Work required:
Find "Common Loon - ML613087624" below and begin at its line; stop after the line with "TOVAGLIOLI 33X33 3V BLUE MORPHO 20PZ". Output those lines exactly, without pictures.

Data shown Start Marker

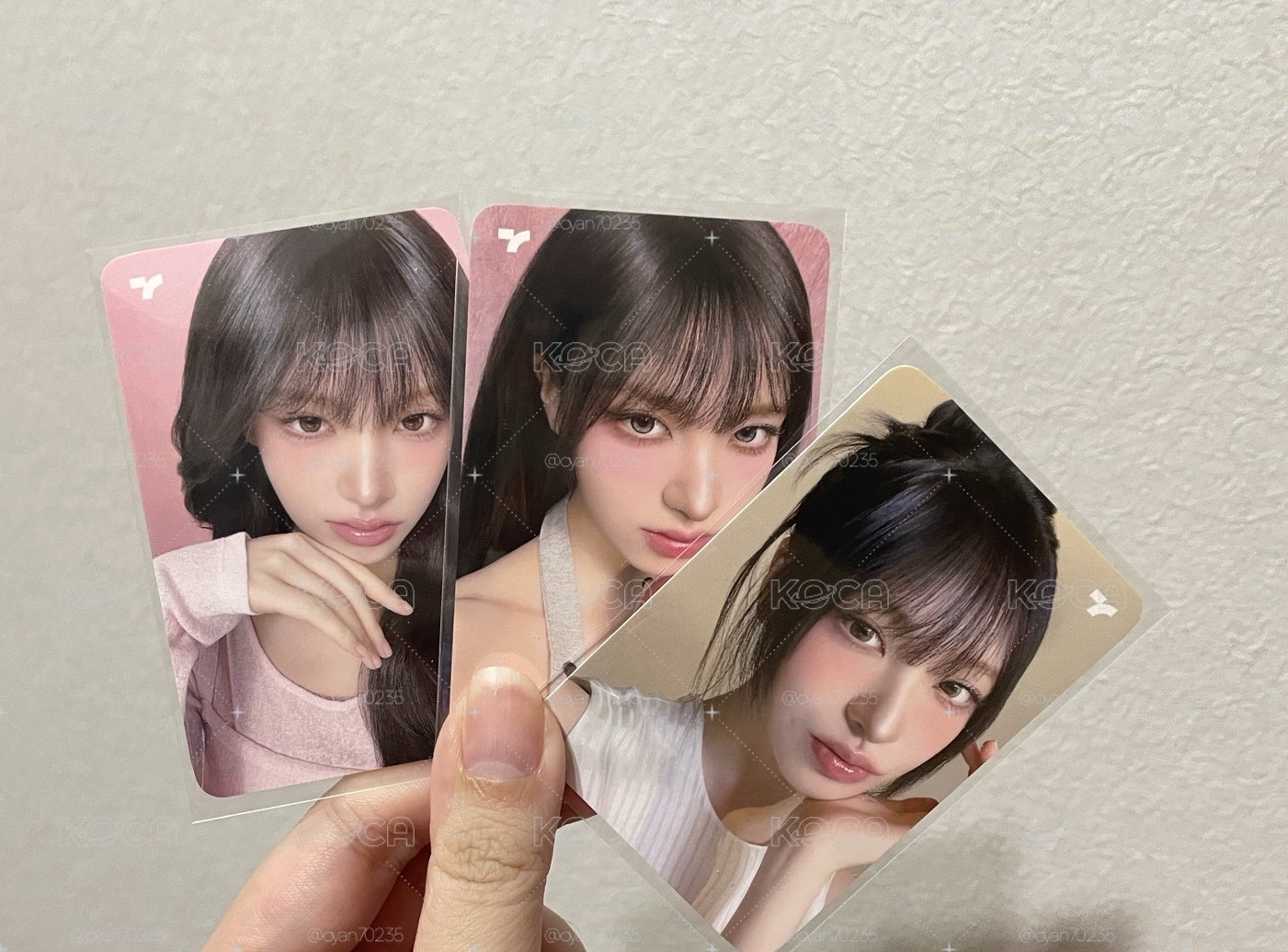 Liz 代言卡一套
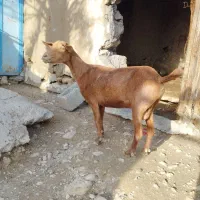 فروش بز|حیوانات مزرعه|خمیر, |دیوار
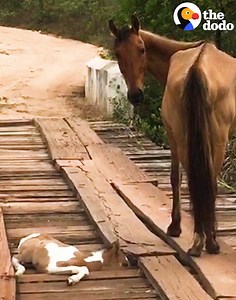 This baby horse was stuck on a bridge — until a guy came along and carried him to safety 🐴💕💕💕 | The Dodo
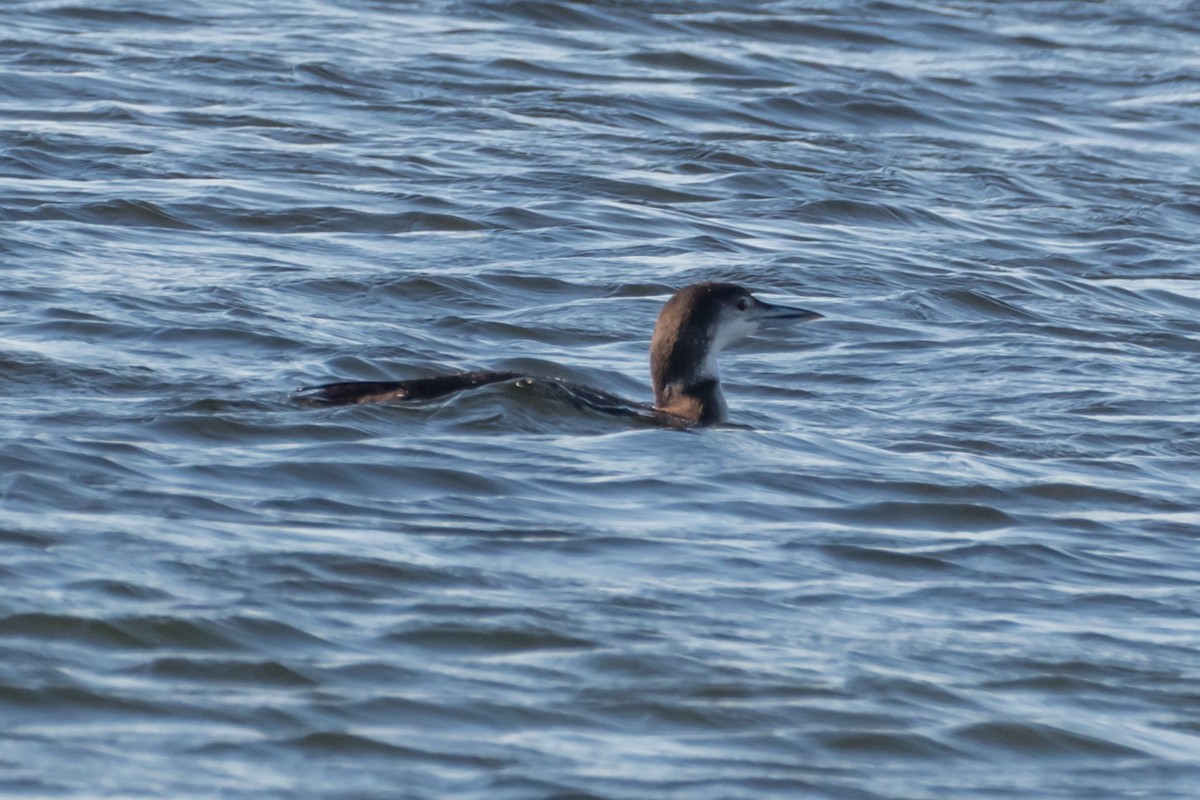 Common Loon - ML613087624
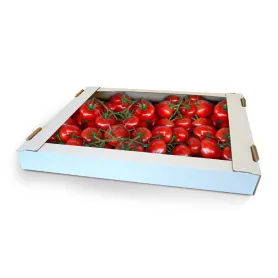 Caisse blanche de transport  pour traiteur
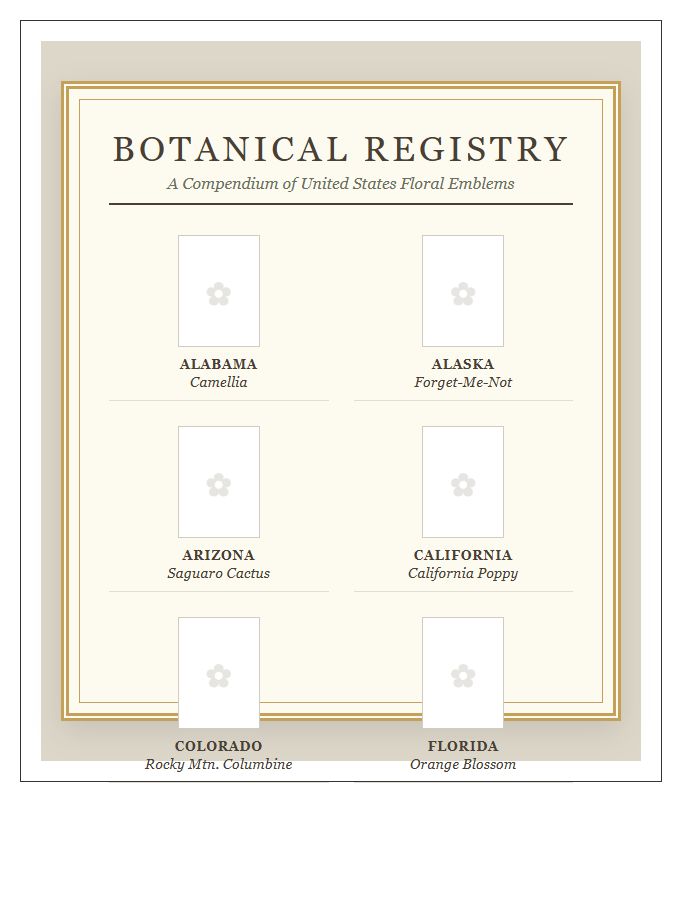 Vintage Aesthetic Printable State Flower Map Chart
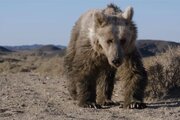 تماشای تلاش طاقت‌فرسای کمیاب‌ترین خرس جهان برای یافتن آب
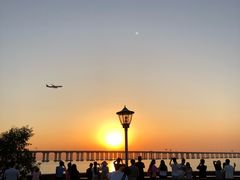 -宝安西湾红树林湿地公园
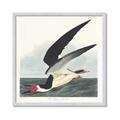Picture of Black Skimmer From Birds of America (1827) _GroupedProduct_Square_Framed_Matted_
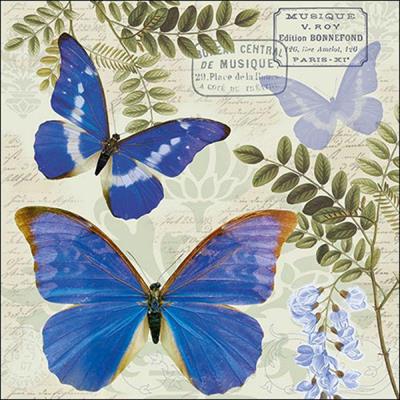 TOVAGLIOLI 33X33 3V BLUE MORPHO 20PZ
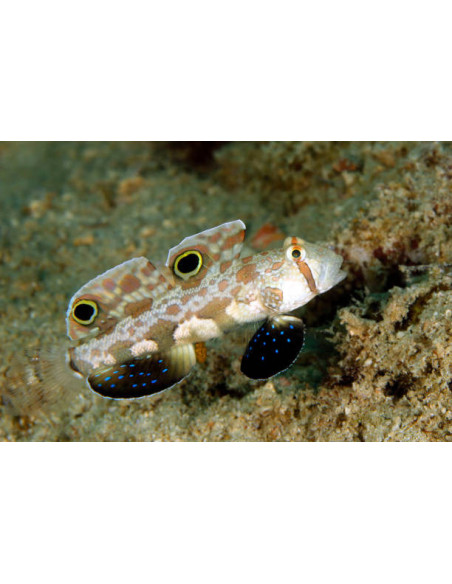SIGNIGOBIUS BIOCELLATUS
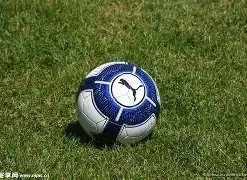 开云体育官,网入口,资讯,开云体育,开云体育官网,开云体育app,开云体育平台,KAIYUN,SPORTS,kaiyun登录入口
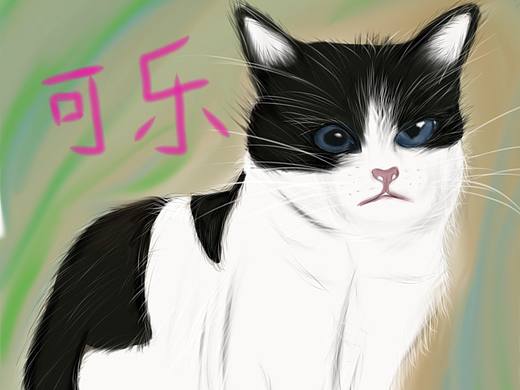 猫咪萌物
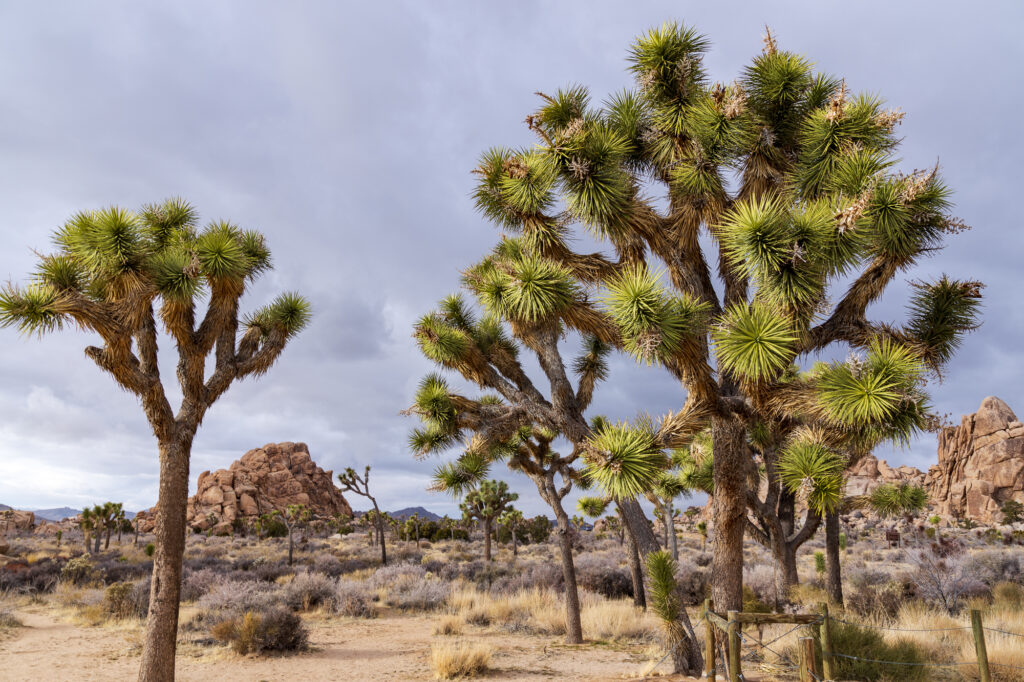 Joshua Trees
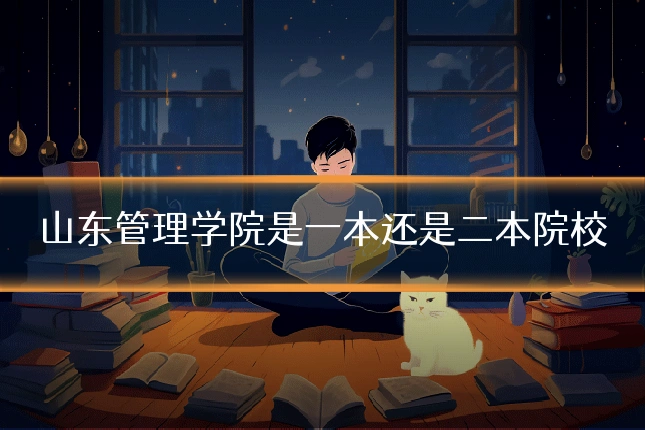 山东管理学院是一本还是二本院校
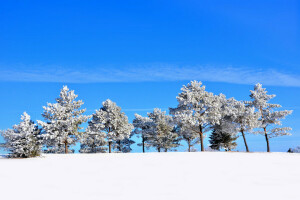 bakke, sne, himlen, træer, vinter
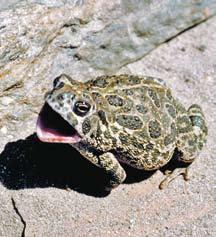 bullfrog Great Plains toad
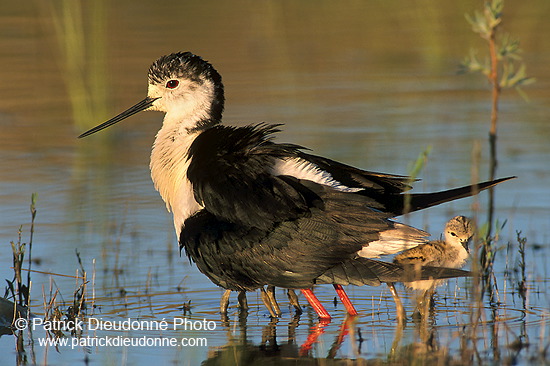 Black-winged Stilt (Himantopus himantopus) - Echasse blanche - 17822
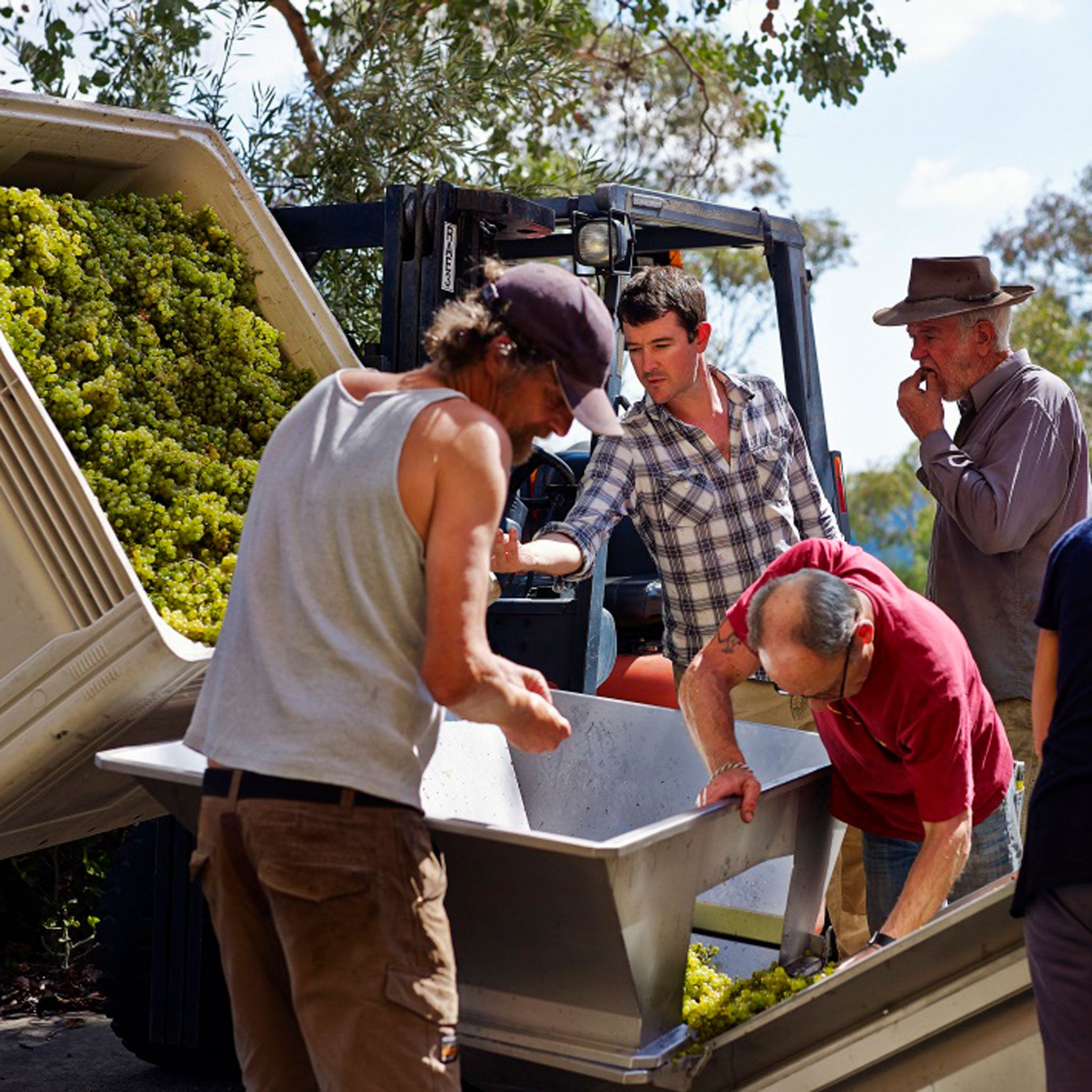 Giaconda Estate Vineyard Chardonnay 2022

Data shown End Marker

Worked solution:
 Common Loon - ML613087624
 Caisse blanche de transport  pour traiteur
 Vintage Aesthetic Printable State Flower Map Chart
 تماشای تلاش طاقت‌فرسای کمیاب‌ترین خرس جهان برای یافتن آب
 -宝安西湾红树林湿地公园
Picture of Black Skimmer From Birds of America (1827) _GroupedProduct_Square_Framed_Matted_
 TOVAGLIOLI 33X33 3V BLUE MORPHO 20PZ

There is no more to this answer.